When Congress is broken—as its justifiably dismal approval
ratings suggest—so is our democracy. Here, Robert G. Kaiser,
whose long and distinguished career at The Washington Post
has made him as keen and knowledgeable an observer of
Congress as we have, takes us behind the sound bites to
expose the protocols, players, and politics of the House and
Senate—revealing both the triumphs of the system and (more
often) its fundamental flaws. Act of Congress tells the story of the Dodd-Frank Act,
named for the two men who made it possible: Congressman
Barney Frank, brilliant and sometimes abrasive, who mastered
the details of financial reform, and Senator Chris Dodd, who
worked patiently for months to fulfill his vision of a
Senate that could still work on a bipartisan basis. Both
Frank and Dodd collaborated with Kaiser throughout their
legislative efforts and allowed their staffs to share every
step of the drafting and deal making that produced the
1,500-page law that transformed America’s financial sector.

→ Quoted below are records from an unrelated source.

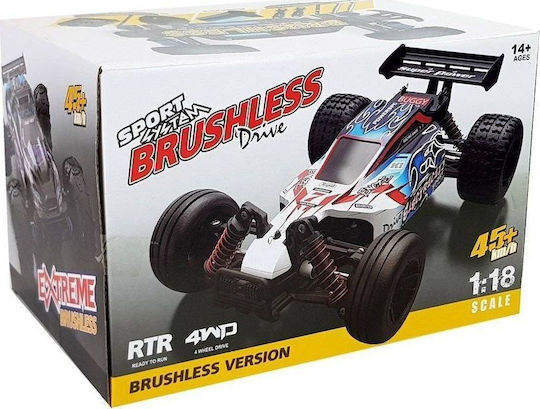 Lean Toys Enoze 9302E Ferngesteuertes Auto Buggy Blau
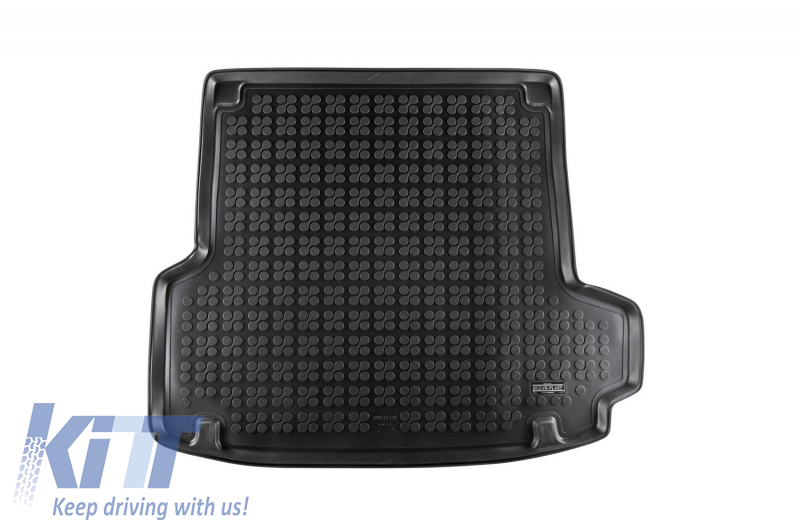 Trunk szőnyeggumi fekete, amely alkalmas a BMW 3-as F34 Gran Turismo GT-re (2013-up)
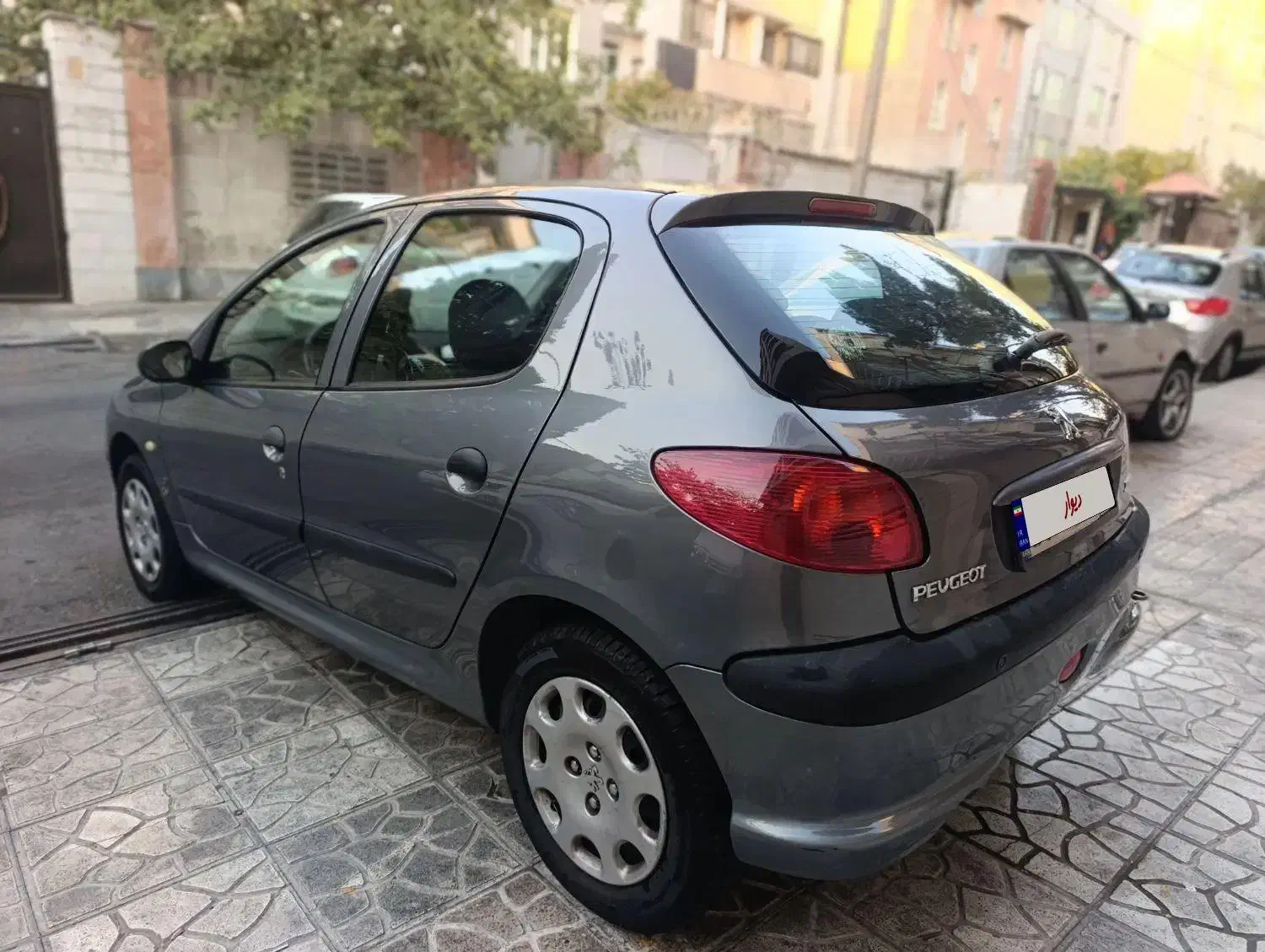 پژو 206 تیپ 5 - 1398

Kaiser explains how lobbying affects a bill—or fails to. We
follow staff members more influential than most senators and
congressmen. We see how Congress members protect their own
turf, often without regard for what might best serve the
country—more eager to court television cameras than
legislate on complicated issues about which many of them
remain ignorant. Kaiser shows how ferocious partisanship
regularly overwhelms all other considerations, though
occasionally individual integrity prevails.
Act of Congress, as entertaining as it is enlightening, is
an indispensable guide to a vital piece of our political
system desperately in need of reform.